Database of Canadian parks and recreation-related information
The National Recreation Database (NRDB) is an online database of Canadian parks and recreation-related information maintained by the Leisure Information Network (LIN), a national non-profit organization with the prime intent of establishing a repository for unpublished “grey” literature contributed by the recreation profession.

The National Research Database makes accessible previously unpublished, sector-related literature and tools to encourage knowledge sharing and development amongst Canadian recreation and leisure practitioners. The repository also serves as an awareness and promotional tool for sharing news and trends in the sector. It is endorsed by the Interprovincial Sport and Recreation Council (the body of federal/provincial/territorial government ministers responsible for recreation, sport and active living).

The NRDB is continuously growing, currently containing 10,000+ documents, with an additional 8,300+ records (program success stories, news, events, job postings, etc.) solicited from recreation, parks, health-promotion and quality of life organizations across the country. Not a typical database, in addition to housing resources it generates the content on virtually every page of the LIN website, specialized RSS feeds for subscribers, and customized content to other partner websites.

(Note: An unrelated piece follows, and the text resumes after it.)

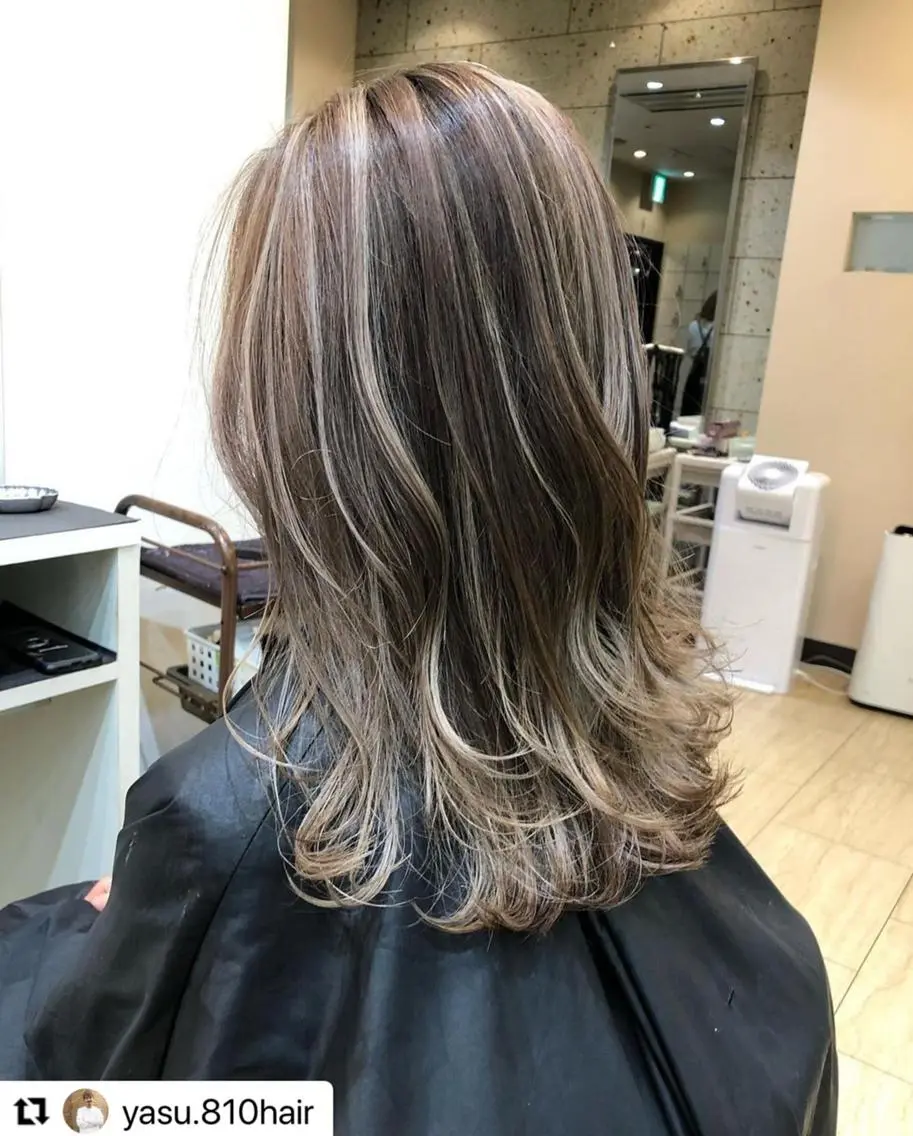 ミディアム カラー メンズ メンズバレイヤージュ メンズブリーチ メンズハイライト メンズハイトーン メンズインナーカラー 🩷Eny terrace🩷のヘアスタイル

The Database is visited by more than 65,000 unique users annually, who download resources valued at over $3.6M including:

- Policies and Procedures
- Training Manuals
- Reports
- Conference Presentations
- Sample RFPs
- Sample Job Descriptions
- Toolkits
- Surveys
- Industry Standards

It is intended that users will contribute as well as retrieve relevant information from the database. Information is available for download at no cost to the user with proper citation.